Supplied entries:
=== Section Start ===
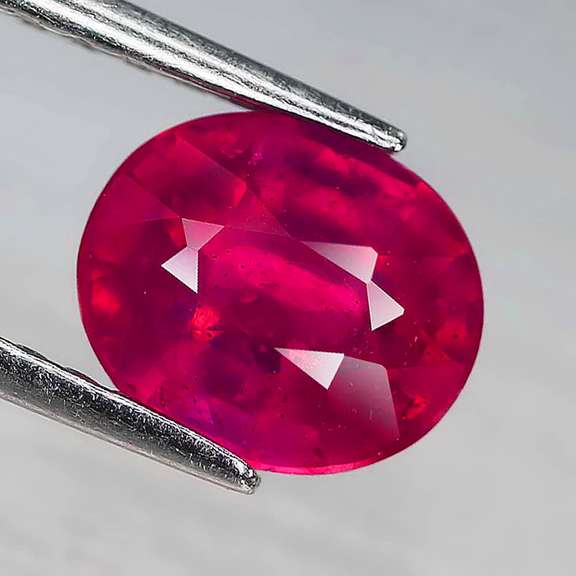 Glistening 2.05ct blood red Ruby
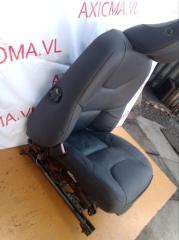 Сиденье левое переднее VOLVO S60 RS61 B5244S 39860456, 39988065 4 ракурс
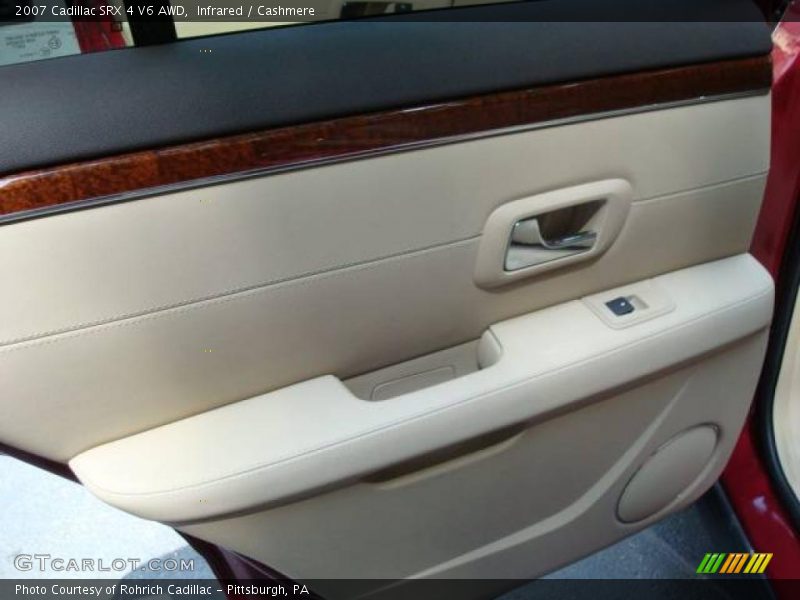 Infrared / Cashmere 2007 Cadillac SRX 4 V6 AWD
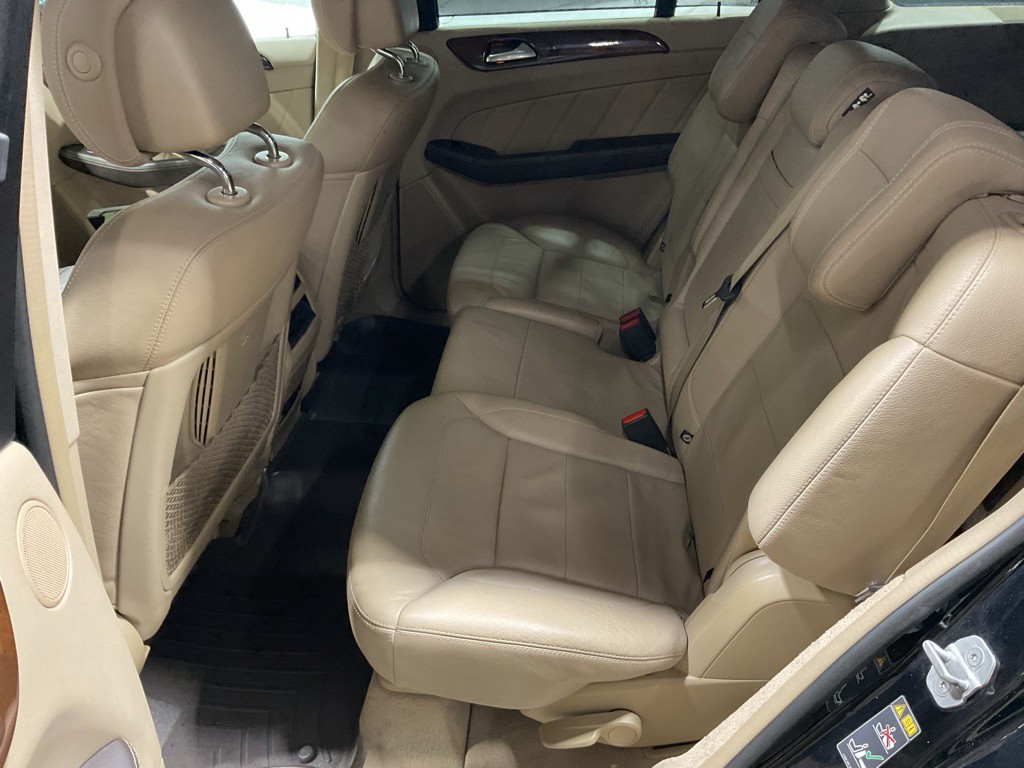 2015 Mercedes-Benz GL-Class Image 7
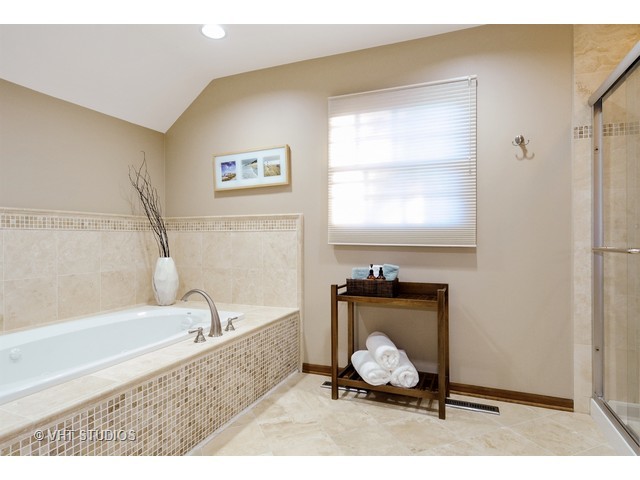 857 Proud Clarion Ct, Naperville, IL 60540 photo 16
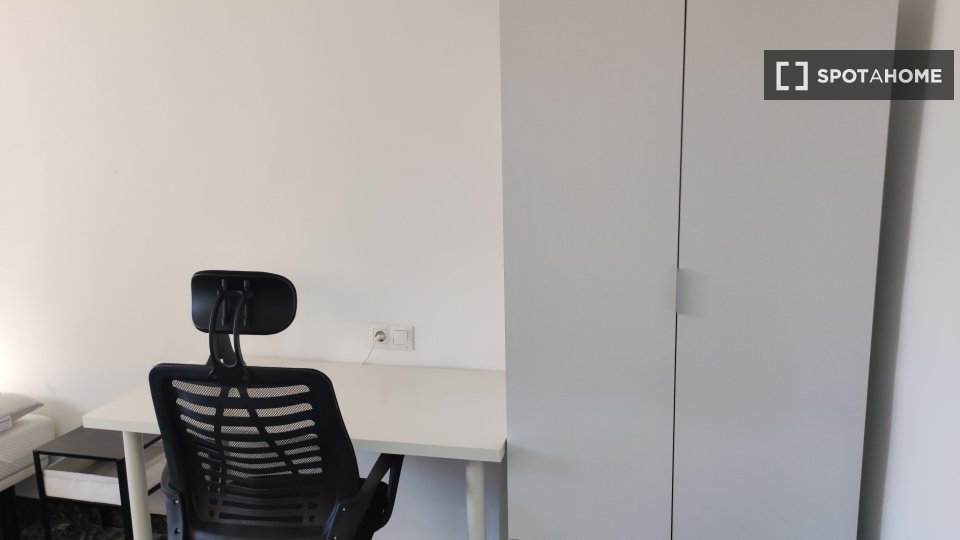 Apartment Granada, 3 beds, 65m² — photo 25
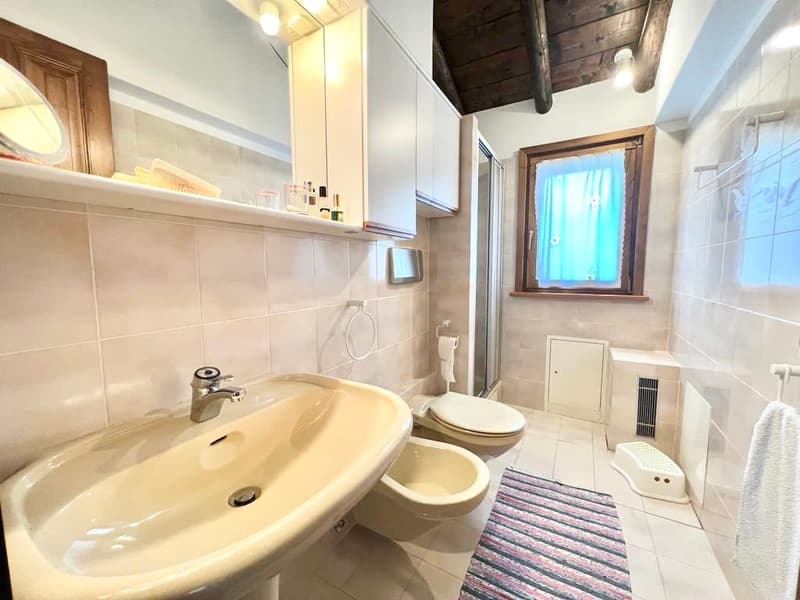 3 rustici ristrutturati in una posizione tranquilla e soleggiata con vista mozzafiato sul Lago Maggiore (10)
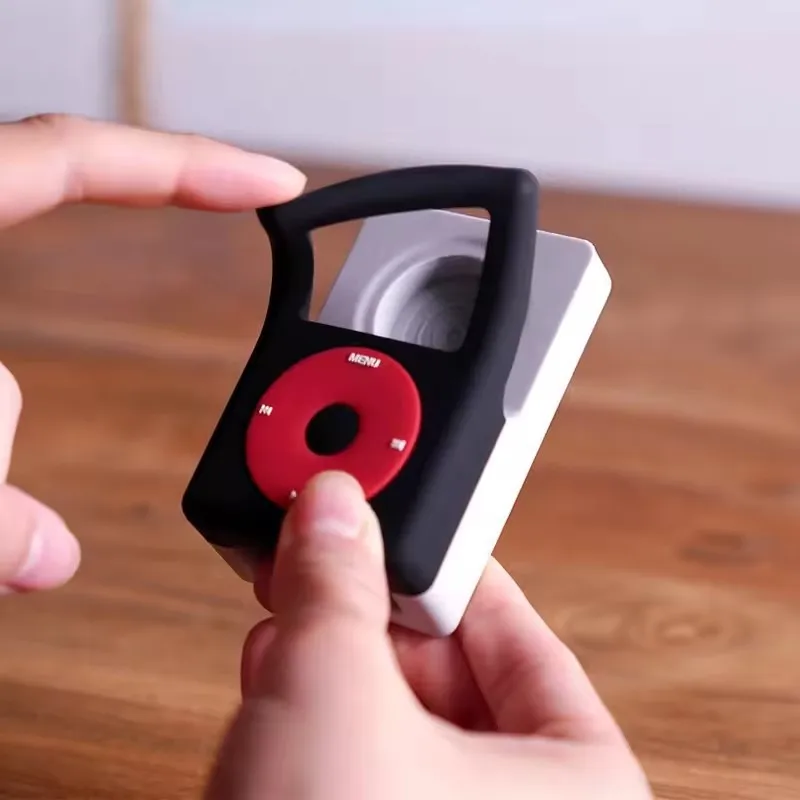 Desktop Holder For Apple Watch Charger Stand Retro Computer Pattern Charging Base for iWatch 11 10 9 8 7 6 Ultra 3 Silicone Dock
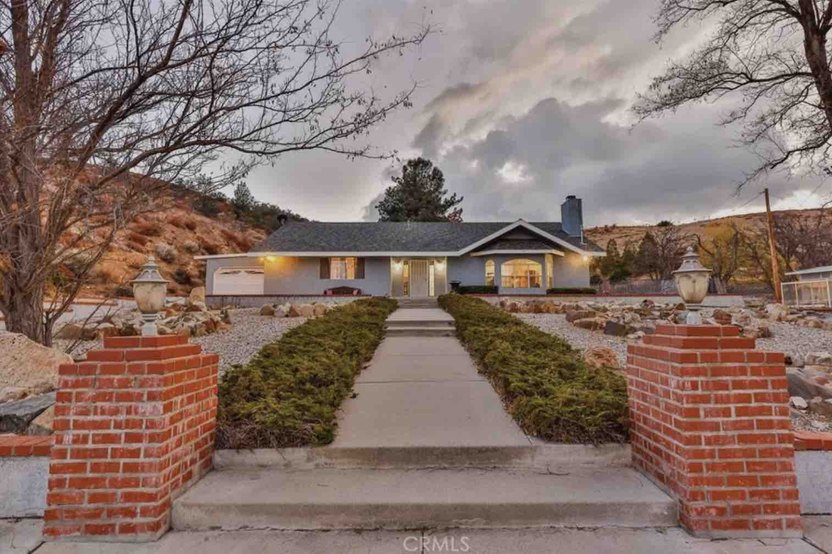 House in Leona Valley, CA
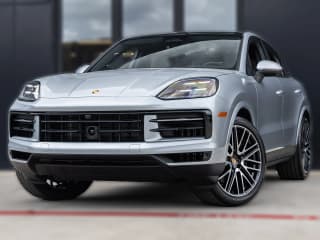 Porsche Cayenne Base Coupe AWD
=== Section End ===
Description of the task:
Output the records above in their entirety and exactly, leaving out all images.

Solution to the exercise:
 Glistening 2.05ct blood red Ruby
 Сиденье левое переднее VOLVO S60 RS61 B5244S 39860456, 39988065 4 ракурс
 Infrared / Cashmere 2007 Cadillac SRX 4 V6 AWD
 2015 Mercedes-Benz GL-Class Image 7
 857 Proud Clarion Ct, Naperville, IL 60540 photo 16
 Apartment Granada, 3 beds, 65m² — photo 25
 3 rustici ristrutturati in una posizione tranquilla e soleggiata con vista mozzafiato sul Lago Maggiore (10)
 Desktop Holder For Apple Watch Charger Stand Retro Computer Pattern Charging Base for iWatch 11 10 9 8 7 6 Ultra 3 Silicone Dock
 House in Leona Valley, CA
 Porsche Cayenne Base Coupe AWD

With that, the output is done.